Monday, April 10, 2017

[edit]

Today I plan on wrapping up the WPMED classifier training by testing those incorporating the clickstream data, figure out a plan for evaluation with Aaron, and lastly work on the issue of WikiProject/category overlap.

Clickstream classifier

[edit]

We reuse the clickstream dataset from March 28 and first tune a benchmark SVM classifier using the "local inlink proportion" from Kamps and Koolen as before. On the test set it performs as follows:

Top High Mid Low Accuracy
Top 32 8 0 0 80.00%
High 9 19 8 4 47.50%
Mid 2 9 22 7 55.00%
Low 1 4 8 27 67.50%
Average 62.50%

These results are somewhat better than what I reported on March 28, perhaps driven by more iterations tuning the gamma and cost parameters, the ones I found were quite different from what I used then. Compared to the March 28 results, this classifier is worse on Top-importance articles (80% vs 85%) and High-importance articles (47.5% vs 57.5%), but scores higher on the other two classes (Mid-importance: 55% vs 47.5%; Low-importance 67.5% vs 52.5%).

Our previous investigations into clickstream performance suggested that there is no reason to not add the pair of clickstream variables together, as they individually might degrade performance but together enhance it. We therefore add the two global proportion variables first, one for the proportion of views coming from other articles, and the proportion of (global) inlinks that were used. It results in the following confusion matrix:

Top High Mid Low Accuracy
Top 23 15 2 0 57.50%
High 6 17 14 3 42.50%
Mid 1 9 18 12 45.00%
Low 0 6 8 26 65.00%
Average 52.50%

Overall accuracy has dropped a lot, mainly due to the huge drop in accuracy for Top-importane articles. This is very different from what we saw when previously tested the clickstream results. This is something to keep in mind as we move along, we might simply be struggling with large swings in performance simply because our test set is so small.
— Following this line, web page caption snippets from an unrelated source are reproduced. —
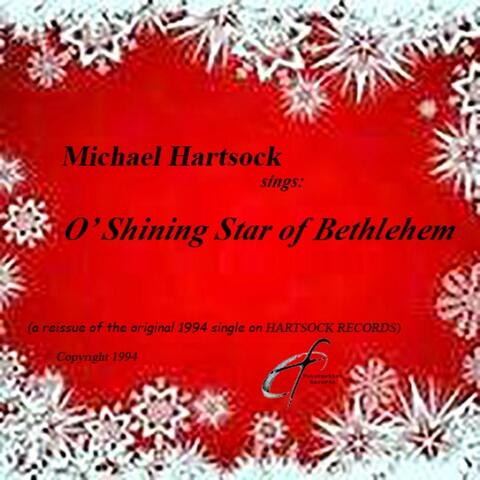 O' Shining Star of Bethlehem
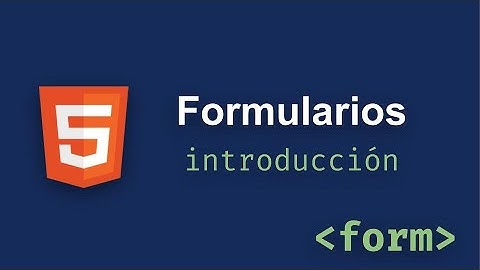 Introduccion a Formularios en HTML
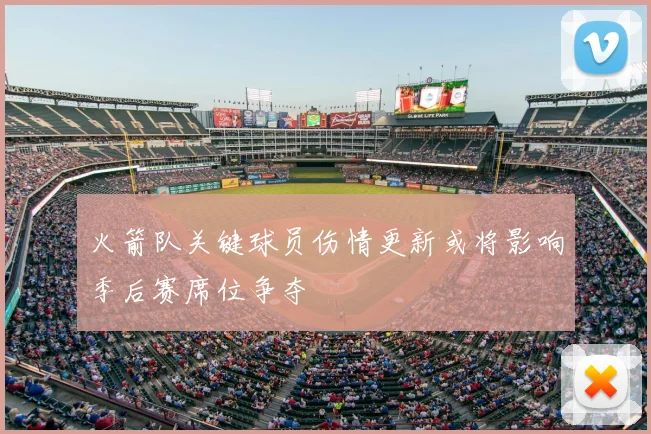 火箭队关键球员伤情更新或将影响季后赛席位争夺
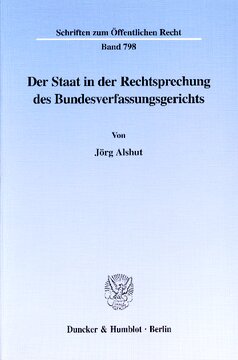 Der Staat in der Rechtsprechung des Bundesverfassungsgerichts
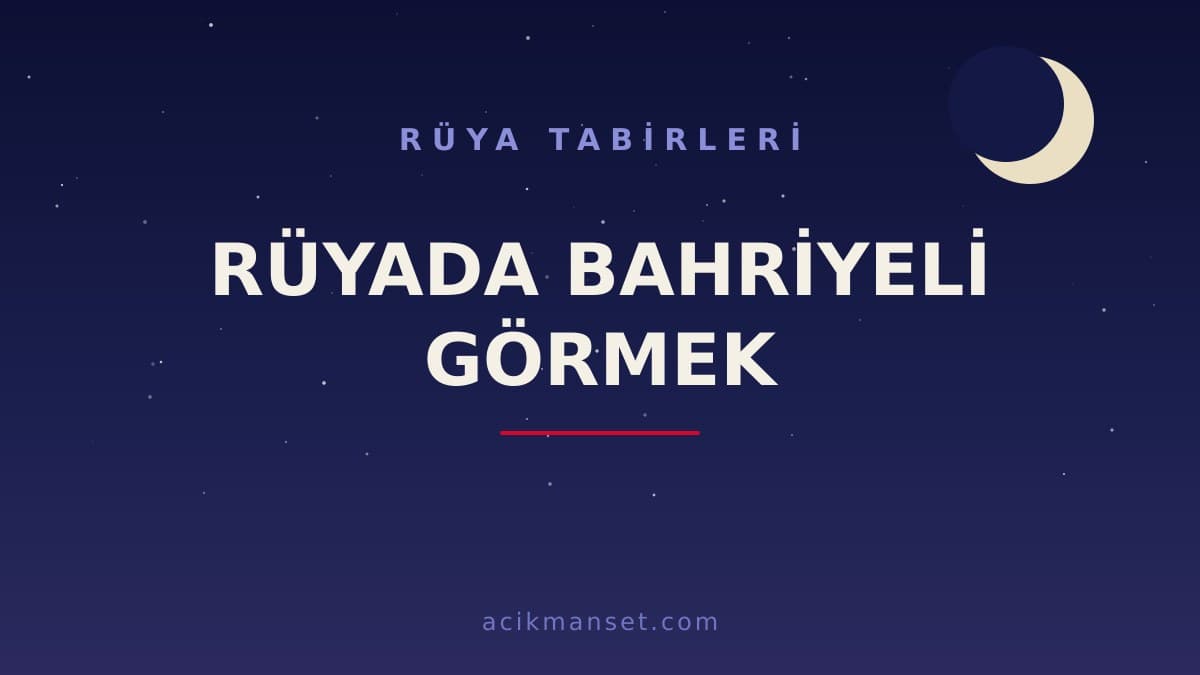 Rüyada bahriyeli görmek ne anlama gelir? Bahriyeli görmek ne demek, hayra mı yorulur?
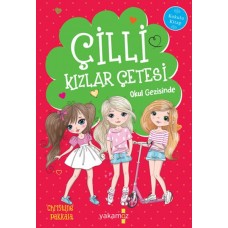 Çılgın Kızlar Okul Gezisinde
In previous testing we saw no improvement in performance when adding the project-specific clickstream variables, and we therefore do not add them before we add the binary variable for Low-importance articles. We will instead add them afterwards to see whether performance is affected in that case. Adding the binary variable for articles that ought to be Low-importance gives us the following confusion matrix:

Top High Mid Low Accuracy
Top 29 10 1 0 72.50%
High 9 20 8 3 50.00%
Mid 2 9 22 7 55.00%
Low 1 5 6 28 70.00%
Average 61.88%

Overall performance is comparable to the benchmark. The classifier is slightly better on High- and Low-importance articles, and worse on Top-importance articles.

Lastly, we add the two project-specific clickstream variables for reference, resulting in the following confusion matrix:

Top High Mid Low Accuracy
Top 16 21 2 1 40.00%
High 6 21 8 5 52.50%
Mid 2 10 14 14 35.00%
Low 0 6 8 26 65.00%
Average 48.12%

Well, that's disappointing, but not unexpected. Adding the two variables did not increase performance earlier either, so it's not terribly surprising that it didn't work this time around.
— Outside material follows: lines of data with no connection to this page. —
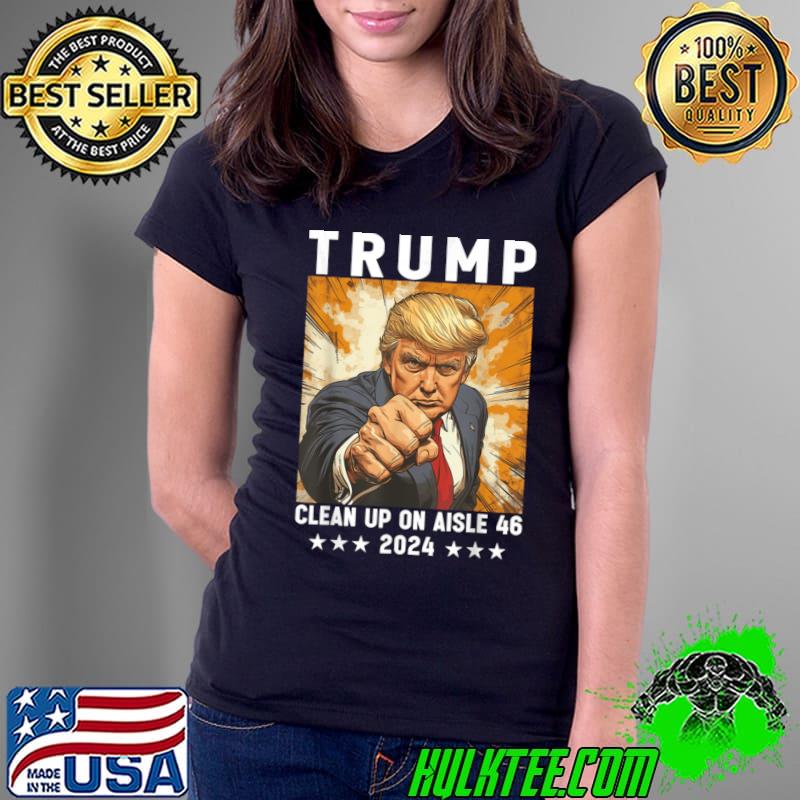 Clean Up On Aisle 46 Anti Joe Biden Trump 2024 Back America T-Shirt Ladies Tee Clean Up On Aisle 46 Anti Joe Biden Trump 2024 Back America T-Shirt Ladies Tee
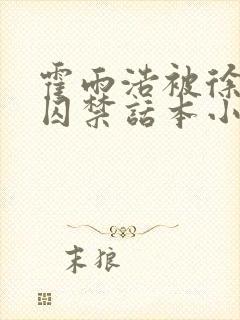 霍雨浩被徐天然囚禁话本小说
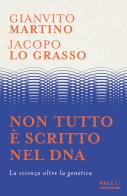 Non tutto è scritto nel DNA di Gianvito Martino, Jacopo Lo Grasso edito da Mondadori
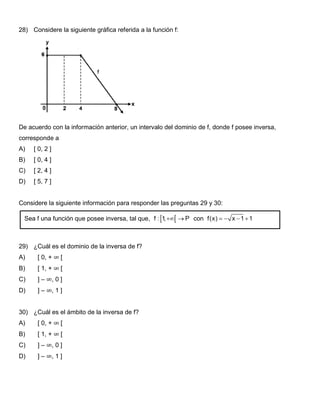 28) Considere la siguiente gráfica referida a la función f:
De acuerdo con la información anterior, un intervalo del dominio de f, donde f posee inversa,
corresponde a
A) [ 0, 2 ]
B) [ 0, 4 ]
C) [ 2, 4 ]
D) [ 5, 7 ]
Considere la siguiente información para responder las preguntas 29 y 30:
29) ¿Cuál es el dominio de la inversa de f?
A) [ 0, + ∞ [
B) [ 1, + ∞ [
C) ] – ∞, 0 ]
D) ] – ∞, 1 ]
30) ¿Cuál es el ámbito de la inversa de f?
A) [ 0, + ∞ [
B) [ 1, + ∞ [
C) ] – ∞, 0 ]
D) ] – ∞, 1 ]
Sea f una función que posee inversa, tal que, con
Doubling training set size

[edit]

One thing we have experimented with is generating a larger number of synthetic samples, which allows us to sample a larger number of articles from the actual categories. We also found that rerating the articles that ought to be Low-importance seemed to be beneficial, although we need confirmation from WPMED on our selection of categories for doing that relabelling. Based on those results, we'll generate a larger training data set using the relabelled ratings, a stratified sample of Low-importance articles, and then introduce the clickstream and binary variables as before.

Note that because we use the relabelled ratings, we have to resample our test set, and therefore cannot compare performance directly with the previous results. That is also why we train a new benchmark classifier, which performs as follows:

Top High Mid Low Accuracy
Top 24 13 3 0 60.00%
High 8 15 15 2 37.50%
Mid 2 13 17 8 42.50%
Low 0 6 10 24 60.00%
Average 50.00%

This benchmark has lower accuracy across the board compared to what we saw previously. There are several reasons why that might happen, and the size of the training and test datasets is again a likely cause. However, we have previously seen large differences in performance, and while we might not reach the same accuracy as before, it is the relative performance that is more important. We saw from our earlier test results that performance in this setting is most likely good, the question now is whether there is room for improvement through the clickstream data.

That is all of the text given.